• Exercise prompt:
Please print the line that holds "Ponto Comercial com" and each line after it to the end of the data, word for word, without any pictures.

• Records provided:
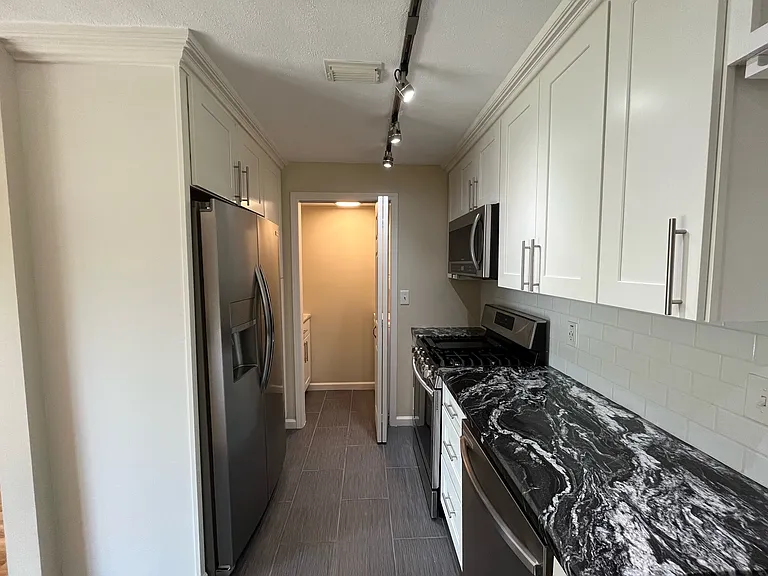 7201-7223 Beacon Hill Dr — Photo 6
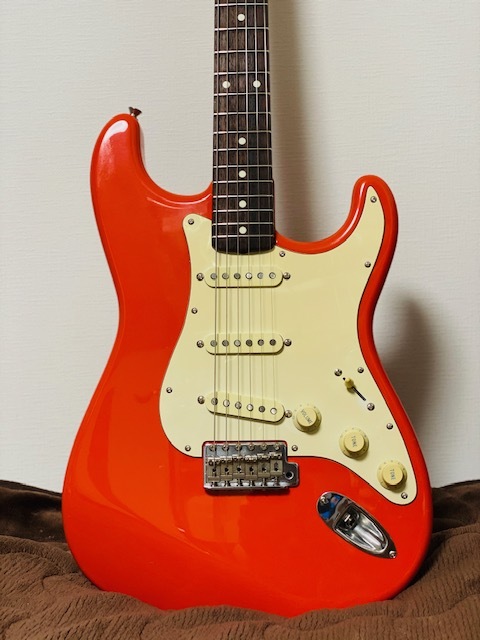 Fender japan 1993〜1994 ストラト 赤 Fender japan 1993〜1994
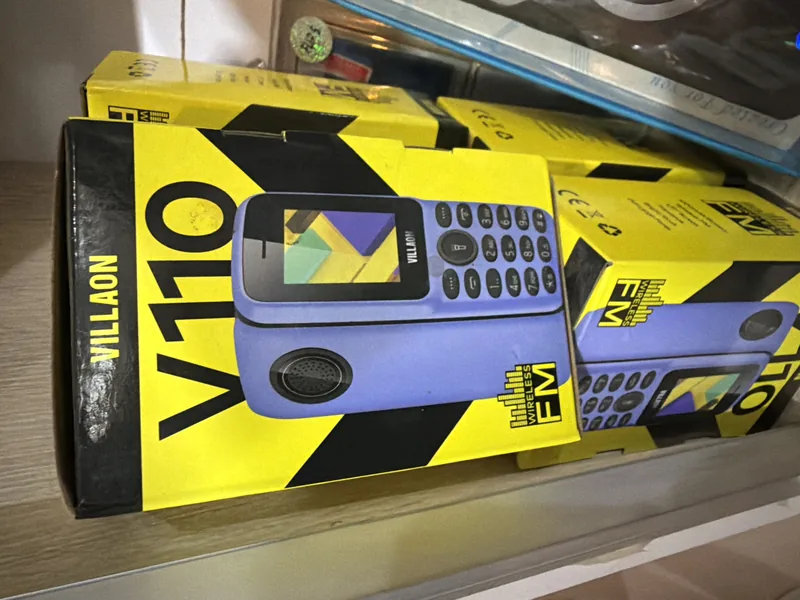 Phone V110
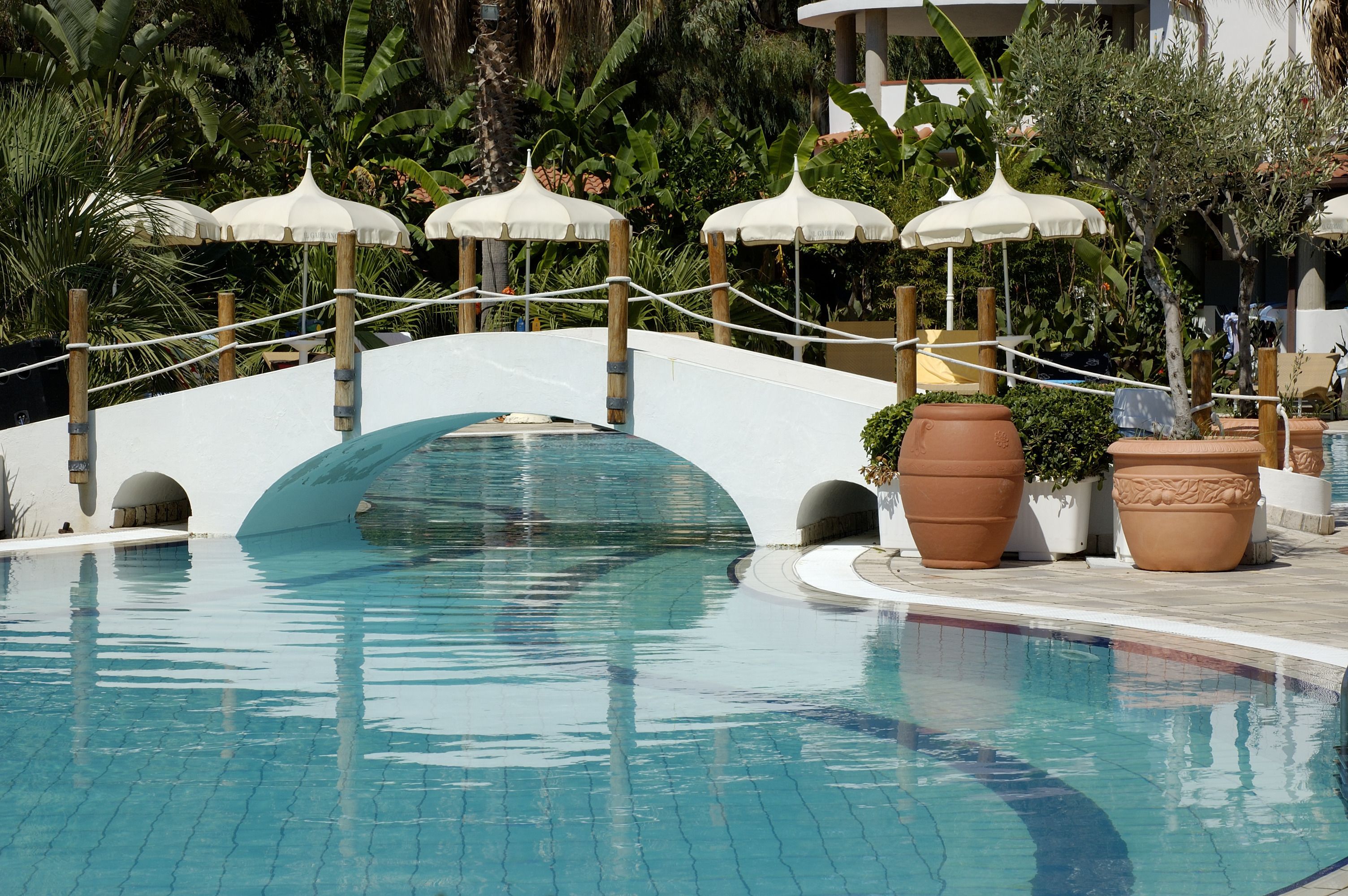 حمّام سباحة خارجي، حمّام سباحة على السطح، مقاعد للتشمس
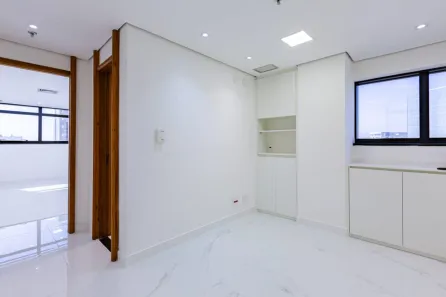 Ponto Comercial com 2 Quartos para alugar, 37m² no Higienópolis, São Paulo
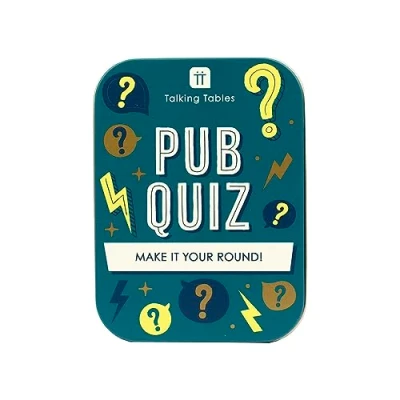 Afbeelding van Talking Tables Pub Quiz Travel Game, Zakformaat Algemene Kennis Trivia voor het gezin om te spelen op reis of thuis verpakt in een geschenkbaar blikje, geheime kerstman kousvuller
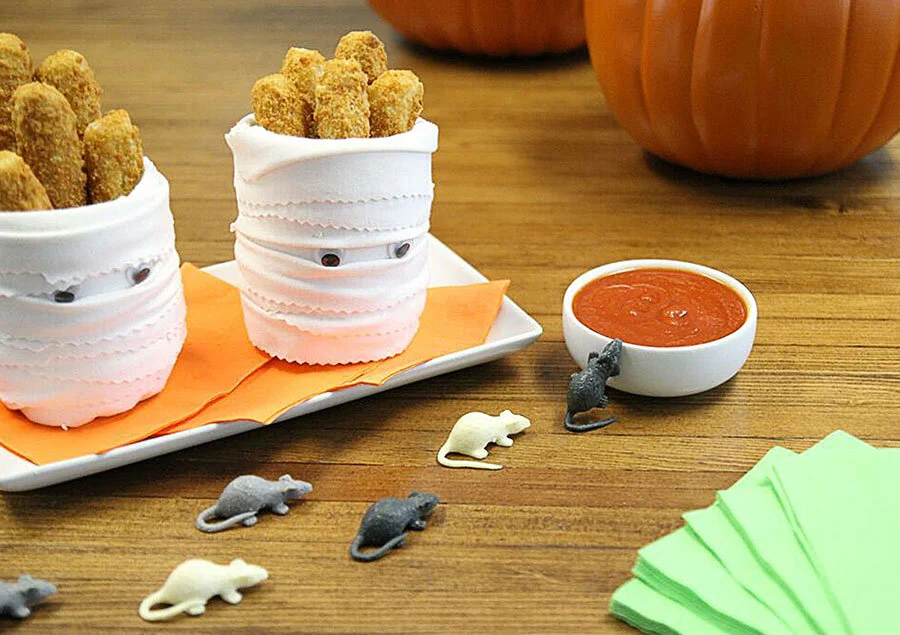 FR-00143-Recipes-for-Halloween-Article_Mummy_v1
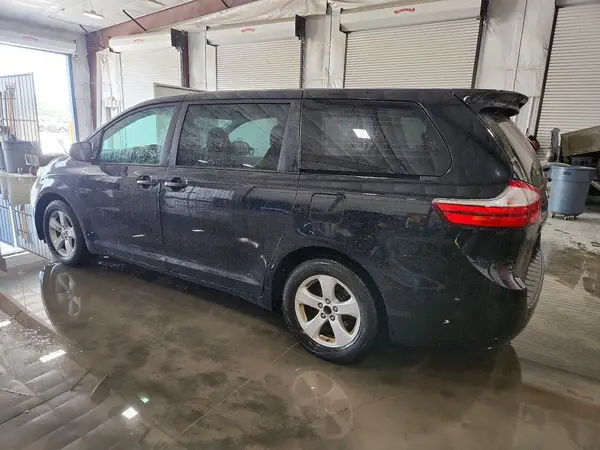 5TDZZ3DCXHS870172 2017 TOYOTA SIENNA - Image 2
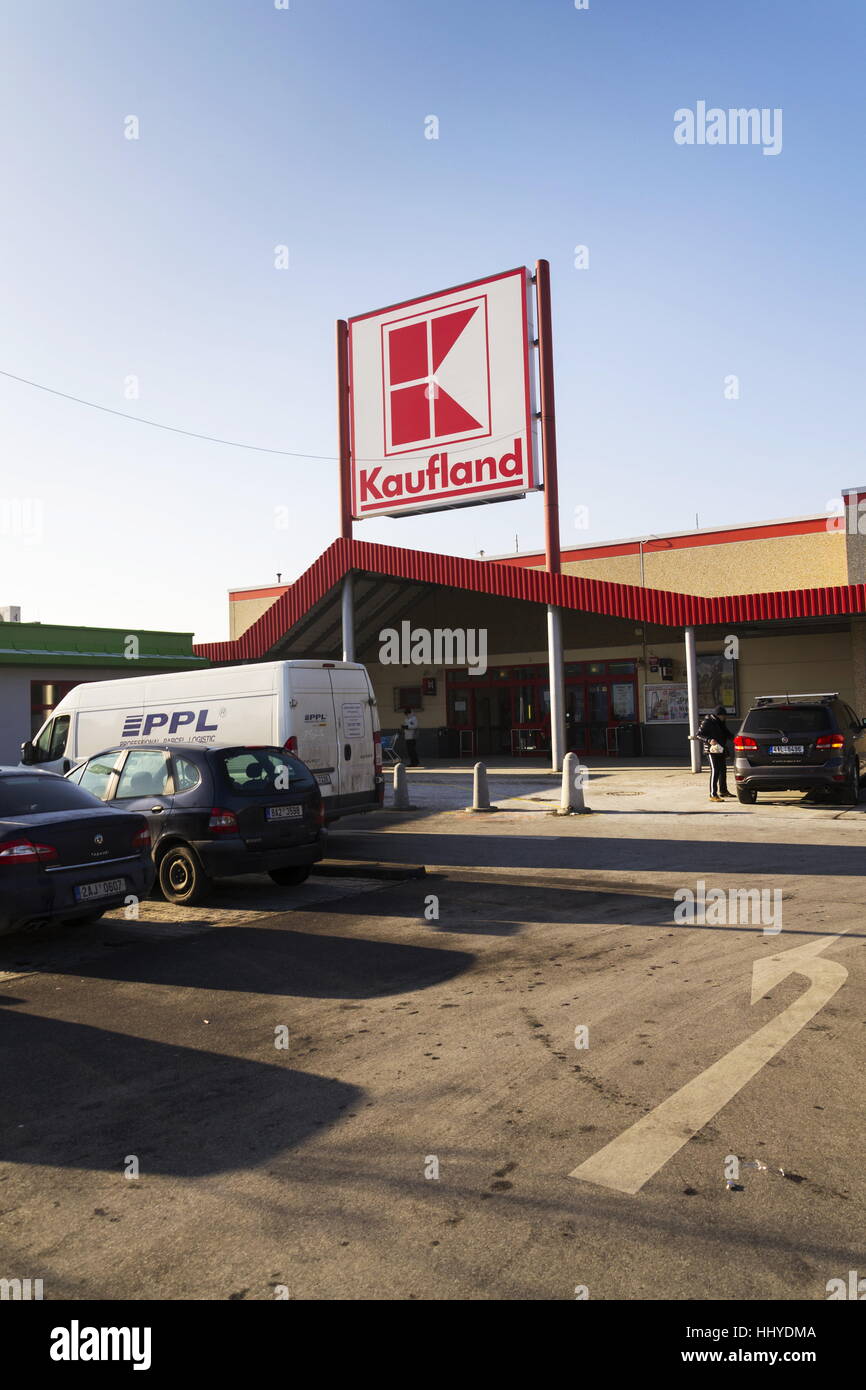 Praga, Repubblica Ceca - 21 gennaio: Kaufland logo su ipermercato dalla catena tedesca, parte di Schwartz Gruppe on gennaio 21, 2017 Foto Stock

• Your solution:
 Ponto Comercial com 2 Quartos para alugar, 37m² no Higienópolis, São Paulo
 Afbeelding van Talking Tables Pub Quiz Travel Game, Zakformaat Algemene Kennis Trivia voor het gezin om te spelen op reis of thuis verpakt in een geschenkbaar blikje, geheime kerstman kousvuller
 FR-00143-Recipes-for-Halloween-Article_Mummy_v1
 5TDZZ3DCXHS870172 2017 TOYOTA SIENNA - Image 2
 Praga, Repubblica Ceca - 21 gennaio: Kaufland logo su ipermercato dalla catena tedesca, parte di Schwartz Gruppe on gennaio 21, 2017 Foto Stock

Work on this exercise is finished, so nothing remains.